General concepts used in embryology
How does one cell develop into millions with hundreds of variations? What instructions does the cell use and what processes carry out the instructions? There are three important concepts towards understanding embryology:
1. A programme of simple instructions can generate complex forms.
2. Most developmental processes depend upon interaction between genetic and environmental factors.
3. Each body system has its own developmental pattern.
Programming the embryo
The information to make an embryo is located in the DNA of the zygote. Although the sperm and ovum contribute 23 chromosomes each, it is the ovum that contributes the organelles and MtDNA. Regulatory genes control development by influencing where and when proteins are made. Developmental processes include (Wolpert et al 2007):
• Pattern formation.
• Differentiation.
• Morphogenesis.
• Development of the germ layers.
• Growth.
Pattern formation
Cells in the embryo seem to ‘know’ where and when to change shape and position and cell movements are part of the embryo’s developmental programme. Wolpert (1991) described this as a set of instructions not for describing the final form, but for creating shapes. Consider knitting: the pattern is the code or instruction manual but does not resemble the final article. The knitter must interpret the code and apply energy, order and control and a variety of stitches.

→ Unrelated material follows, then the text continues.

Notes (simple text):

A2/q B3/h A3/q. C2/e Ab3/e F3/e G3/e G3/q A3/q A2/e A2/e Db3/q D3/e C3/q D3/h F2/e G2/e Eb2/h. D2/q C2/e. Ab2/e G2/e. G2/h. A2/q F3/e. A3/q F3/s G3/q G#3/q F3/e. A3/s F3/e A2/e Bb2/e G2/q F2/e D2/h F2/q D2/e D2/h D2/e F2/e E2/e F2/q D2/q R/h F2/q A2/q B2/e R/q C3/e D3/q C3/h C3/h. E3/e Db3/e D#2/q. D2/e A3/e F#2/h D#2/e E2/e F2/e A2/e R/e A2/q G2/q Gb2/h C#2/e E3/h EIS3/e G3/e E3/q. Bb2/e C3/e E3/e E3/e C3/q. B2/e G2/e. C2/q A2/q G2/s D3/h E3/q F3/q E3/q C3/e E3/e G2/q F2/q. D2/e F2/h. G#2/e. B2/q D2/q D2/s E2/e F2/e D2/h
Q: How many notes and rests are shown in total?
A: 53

Cellular processes include:
• Somatic cell division where daughter cells receive identical genetic information.
• Cell differentiation to make up the different embryological tissues.

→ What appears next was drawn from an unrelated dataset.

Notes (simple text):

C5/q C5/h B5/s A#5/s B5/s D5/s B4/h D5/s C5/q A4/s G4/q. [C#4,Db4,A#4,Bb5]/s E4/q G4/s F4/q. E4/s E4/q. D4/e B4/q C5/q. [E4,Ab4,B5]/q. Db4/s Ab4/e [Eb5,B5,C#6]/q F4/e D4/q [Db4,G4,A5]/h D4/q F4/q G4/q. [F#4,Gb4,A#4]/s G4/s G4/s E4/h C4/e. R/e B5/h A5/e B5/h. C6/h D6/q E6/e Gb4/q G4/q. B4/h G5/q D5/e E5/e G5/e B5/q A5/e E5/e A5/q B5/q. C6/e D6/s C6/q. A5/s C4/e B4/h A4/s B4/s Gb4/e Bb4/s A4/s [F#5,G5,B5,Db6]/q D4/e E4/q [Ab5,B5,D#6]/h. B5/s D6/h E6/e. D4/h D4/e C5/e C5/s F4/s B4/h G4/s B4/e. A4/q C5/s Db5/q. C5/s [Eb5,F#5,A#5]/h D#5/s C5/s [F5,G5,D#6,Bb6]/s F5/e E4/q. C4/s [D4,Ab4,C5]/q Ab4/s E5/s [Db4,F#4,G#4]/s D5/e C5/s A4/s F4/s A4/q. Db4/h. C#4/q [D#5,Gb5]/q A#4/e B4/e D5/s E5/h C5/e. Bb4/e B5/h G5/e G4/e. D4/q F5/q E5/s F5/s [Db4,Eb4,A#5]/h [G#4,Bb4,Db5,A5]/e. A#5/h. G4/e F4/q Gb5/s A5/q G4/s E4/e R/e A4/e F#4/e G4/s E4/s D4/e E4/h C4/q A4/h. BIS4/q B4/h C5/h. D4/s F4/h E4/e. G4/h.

• Induction: cell interaction where one type of cell influences another.
• Migration of cells.
• Programmed cell death to remove redundant cells.

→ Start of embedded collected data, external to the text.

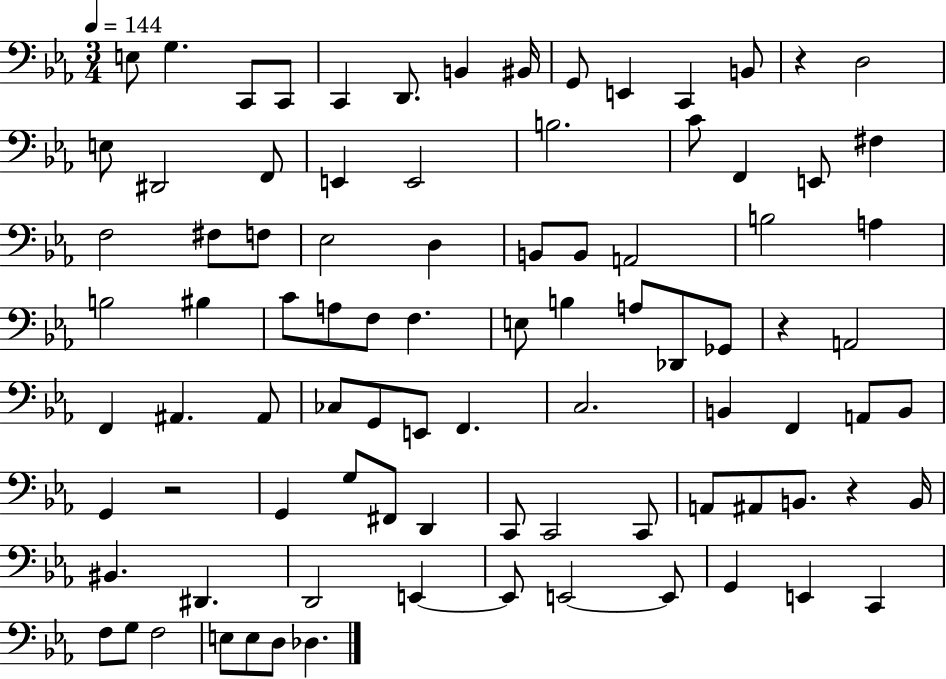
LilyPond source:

{
  \clef bass
  \numericTimeSignature
  \time 3/4
  \key ees \major
  \tempo 4 = 144
  e8 g4. c,8 c,8 | c,4 d,8. b,4 bis,16 | g,8 e,4 c,4 b,8 | r4 d2 | \break e8 dis,2 f,8 | e,4 e,2 | b2. | c'8 f,4 e,8 fis4 | \break f2 fis8 f8 | ees2 d4 | b,8 b,8 a,2 | b2 a4 | \break b2 bis4 | c'8 a8 f8 f4. | e8 b4 a8 des,8 ges,8 | r4 a,2 | \break f,4 ais,4. ais,8 | ces8 g,8 e,8 f,4. | c2. | b,4 f,4 a,8 b,8 | \break g,4 r2 | g,4 g8 fis,8 d,4 | c,8 c,2 c,8 | a,8 ais,8 b,8. r4 b,16 | \break bis,4. dis,4. | d,2 e,4~~ | e,8 e,2~~ e,8 | g,4 e,4 c,4 | \break f8 g8 f2 | e8 e8 d8 des4. | \bar "|."
} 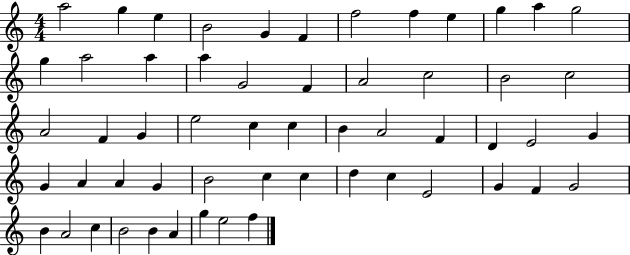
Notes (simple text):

A5/h G5/q E5/q B4/h G4/q F4/q F5/h F5/q E5/q G5/q A5/q G5/h G5/q A5/h A5/q A5/q G4/h F4/q A4/h C5/h B4/h C5/h A4/h F4/q G4/q E5/h C5/q C5/q B4/q A4/h F4/q D4/q E4/h G4/q G4/q A4/q A4/q G4/q B4/h C5/q C5/q D5/q C5/q E4/h G4/q F4/q G4/h B4/q A4/h C5/q B4/h B4/q A4/q G5/q E5/h F5/q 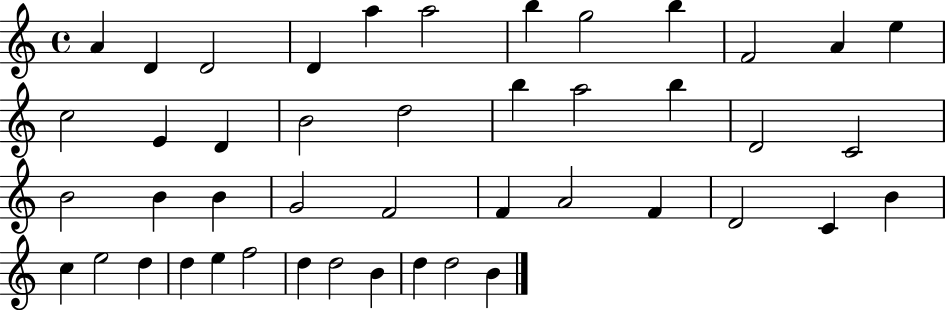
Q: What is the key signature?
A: C major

Early cell division—cleavage
Early in pregnancy growth and development are very similar in any human embryo. The exact days when embryonic features develop can be given. Days of development are counted from the moment of fertilisation. Within 24 h the large zygote undergoes mitosis and splits into smaller cells (Fig. 9.9). This is called cleavage and the daughter cells are called blastomeres. There is synthesis of new DNA but no increase in the amount of cytoplasm so the size of the blastomeres diminishes with each cleavage (Moore & Persaud 2008). The zygote continues its journey down the uterine tube and by the fourth day there are between 16 and 20 cells. Compaction occurs, probably because of cell surface adhesion glycoproteins. The embryo is now called a morula (Fig. 9.10). The cells are still totipotent and could contribute to any part of the embryo or even split to form identical fetuses.